Je crois qu’il cherchait quelqu’un sans savoir qui se présenterai à lui tout comme la feuille attend le regard sans savoir de quel lecteur il viendra.

« Regarde ! La mer ! »
Une voix aux milles couleurs, comme un flash dans l’obscurité. L’enfant se retourna. Dans le lointain il aperçus un petit garçon un peu plus jeune que lui, ses grands yeux tournés vers l’horizon et son poing refermé sur le vide, comme s’il voulait entraîner quelqu’un à sa suite. Il ressemblait à un papillon…
Soudain l’enfant se mit à courir sur les rails et il le perdit de vue, étincelle qui vacille.
« Attends ! » Cri pour retenir le temps alors que tout s’accélère : un tableau se met en marche tandis qu’un garçon se retourne et ce sont désormais deux paysages qui courent l’un vers l’autre.
Puis tout se figea et ils se firent face. L’un, accroupi, avait un sac sur le dos et l’autre serrait dans son petit poing une main invisible. Alors, sans un mot, comme s’il avait toujours dû en être ainsi, le Maître des Couleurs prit l’enfant dans ses bras.

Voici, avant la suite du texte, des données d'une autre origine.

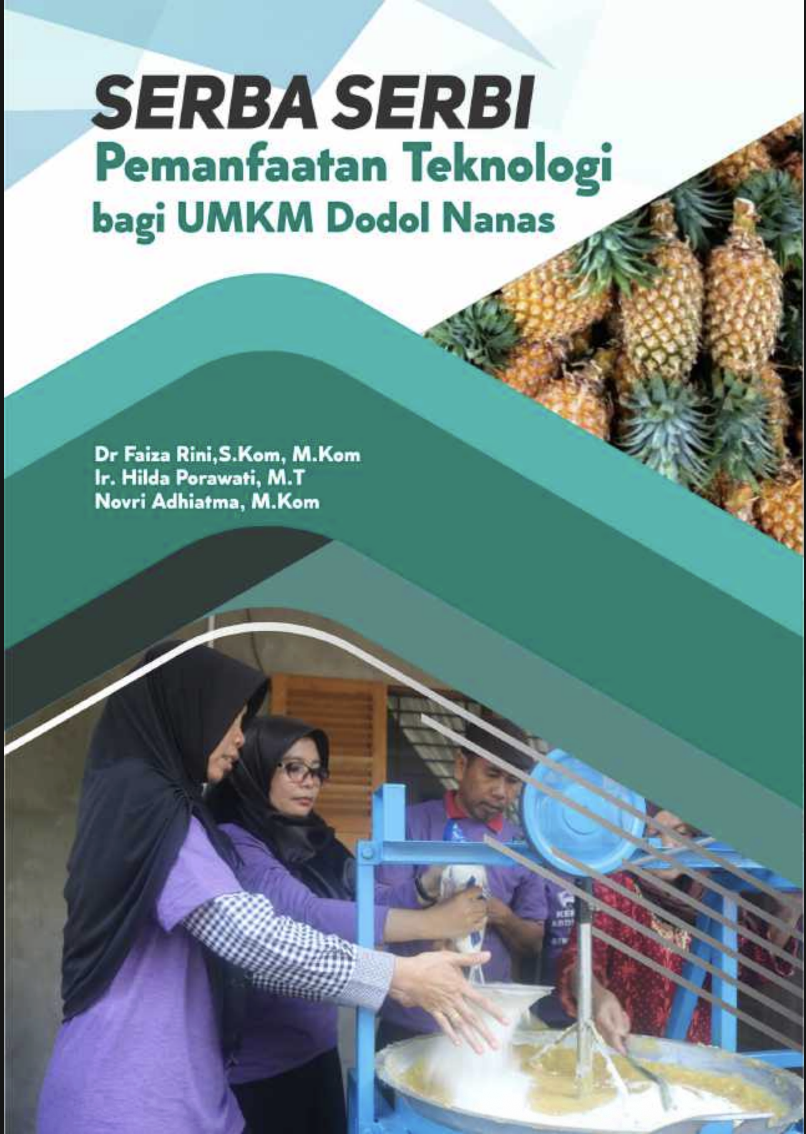 Sampul Serba Serbi Pemanfaatan Teknologi bagi UMKM Dodol Nanas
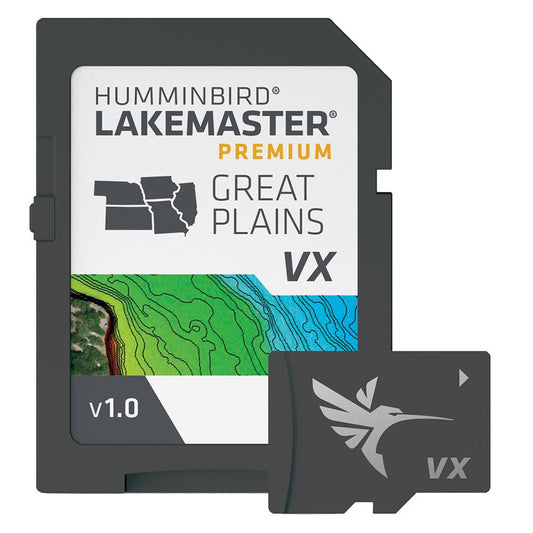 Humminbird LakeMaster® VX Premium - Great Plains - Boat Gear USA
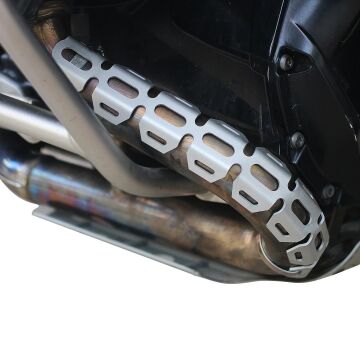 GP Kompozit BMW R 1200 GS / R 1250 GS ADV 2013-2024 Uyumlu Egzoz Koruma Alüminyum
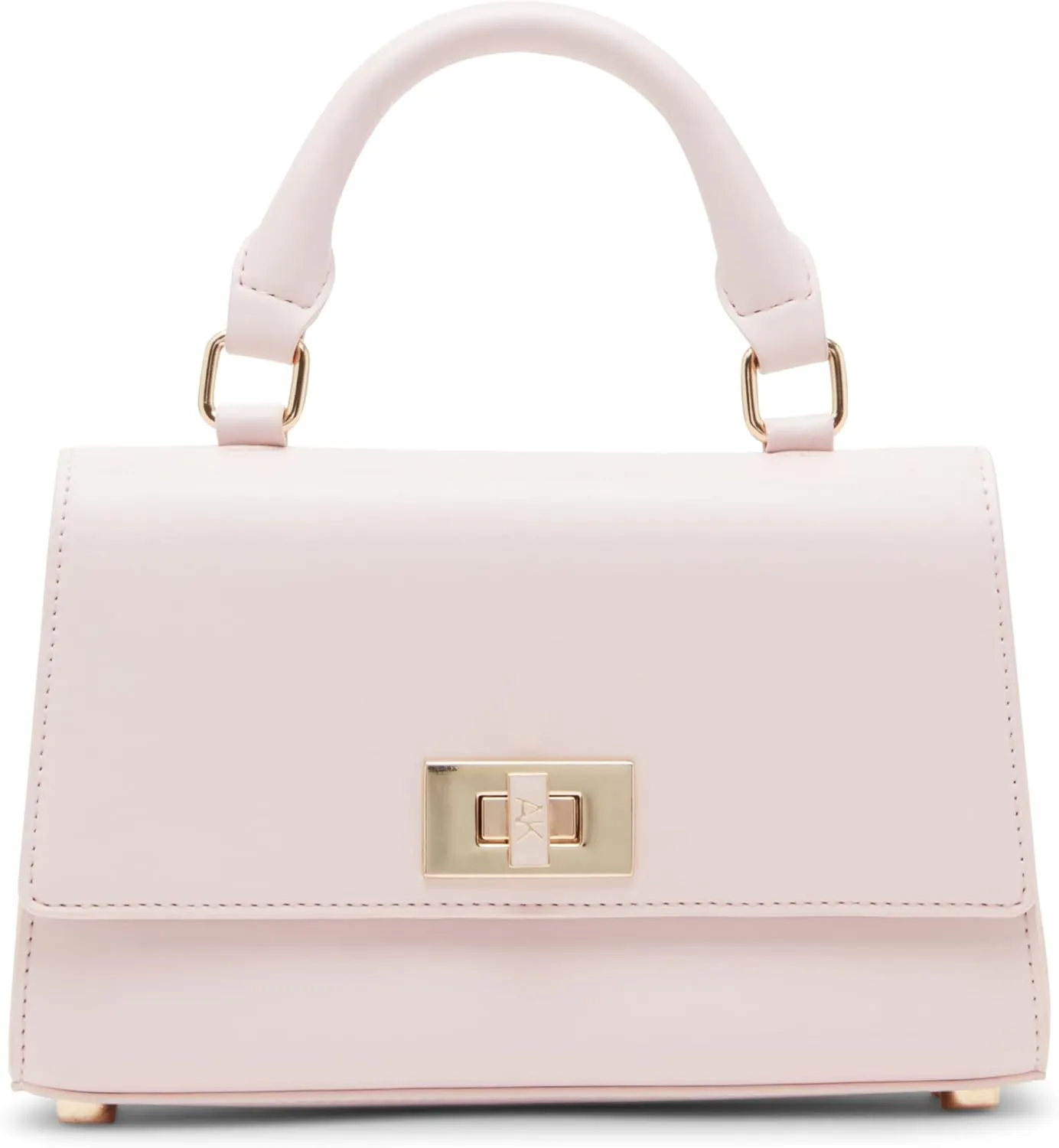 Anne Klein Mini Flap Top Handle with Turn Lock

Il m’avait entraîné. Vers la mer et mes origines, vers mon avenir peut-être aussi. Ses petits doigts avaient saisi ma main pour la guider vers cette feuille, océan sans couleur. Je crois qu’il ne voulait plus être seul.
« Tu sais peindre ? » avait-il demandé.
J’écris pour cet enfant. Pour tous les enfants.
Pour ceux qui n’ont pas encore grandi et ceux qui ne meurent jamais, terrés au fond de nos cœurs. Pour ceux nés au milieu des guerres , entre quatre murs ou dans les banlieues dortoirs, pour les exilés du bonheur et les rêveurs en pointillés, ces enfants qui marchent à cloche pied sur les lignes noires et blanches de la réalité.
Pour l’innocence de l’Humanité.

C’était comme si l’enfant accompagnant le Maître des Couleurs connaissait cet univers par cœur, comme s’il avait participé à sa création pierre par pierre, écoutant au loin les plans de l’architecte.
« Je voudrais te présenter trois amis. »
Dans la mémoire du petit Maître les souvenirs étaient flous, comme brouillés.
Il se souvient avoir suivi l’enfant sur des rails longeant l’océan jusqu’à un croisement d’où s’élevaient des voix. En tailleur sur le chemin de fer et formant un petit cercle il avait découvert trois êtres étranges, si vieux qu’ils semblaient être nés en même temps que l’univers. Deux étaient des femmes et le troisième, un homme, s’exprimait à grand renfort de gestes tandis que l’enfant tirait doucement la manche de sa tunique :
« Non petit, laisse nous finir notre tableau, il y a encore de nombreux points dont nous devons discuter entre nous. »
Jamais il n’oubliera le regard triste de l’enfant et la couleur qui semblait s’en échapper, rêve envolé.
« Mais…on m’avait dit que l’océan pouvait prendre toutes les couleurs. Pourquoi est-il gris ? »
Sans lui prêter attention ils se remettaient à parler de tableaux disparus et de la Catastrophe, d’un monde où soudain les couleurs s’étaient fanées et d’une toile inachevée. Ils fouillaient leur souvenirs à la recherche de teintes oubliées, voulaient finir un tableau qu’ils ne possédaient plus et le faire à l’image d’un paysage qui s’était tût.
Bien qu’étant à quelques mètres à peine d’eux, la conversation parvenait de façon fragmentaire au maître des Couleurs, comme lorsqu’une feuille tombe d’un arbre et qu’alors l’arbre lui même devient flou et semble s’effacer. Ce soir là, la feuille était une échelle en bordure du croisement et elle s’élevait vers les nuages à l’infini.
Alors, oubliant la toile malade et les peintres fous, la Catastrophe et le Souterrain, il déposa son sac au sol puis sorti sa palette de couleurs et ses pinceaux.
… « Les tableaux, ils sont trop hauts, je n’arrive pas à les soigner. » Souvenirs d’un enfant perdu.
« Ce soir je te construits une échelle Petit Maître, ne t’inquiète pas. » Une voix rassurante.
… « Elle mène où l’échelle ? » La même voix des années plus tard, auquel répondit le sourire des peintres.
« A tes plus beaux rêves. »

Une marche puis une autre. En bas ils n’étaient plus que trois : l’enfant était parti rejoindre la mer.
Un pas puis un autre. Jusqu’où s’élèvent nos rêves ?
Soudain il s’arrêta, humecta son pinceau du bout des lèvres puis le trempa dans une couleur. Un rouge, un beau rouge couleur de rouille.
Et lorsqu’il le posa sur le ciel ce dernier rougit. Peut-être l’avait-il ému…
Un peu plus bas, en écho, une petite tâche sur l’océan se teinta de rouge et, assis sur les rails en face de la mer, un enfant sourit.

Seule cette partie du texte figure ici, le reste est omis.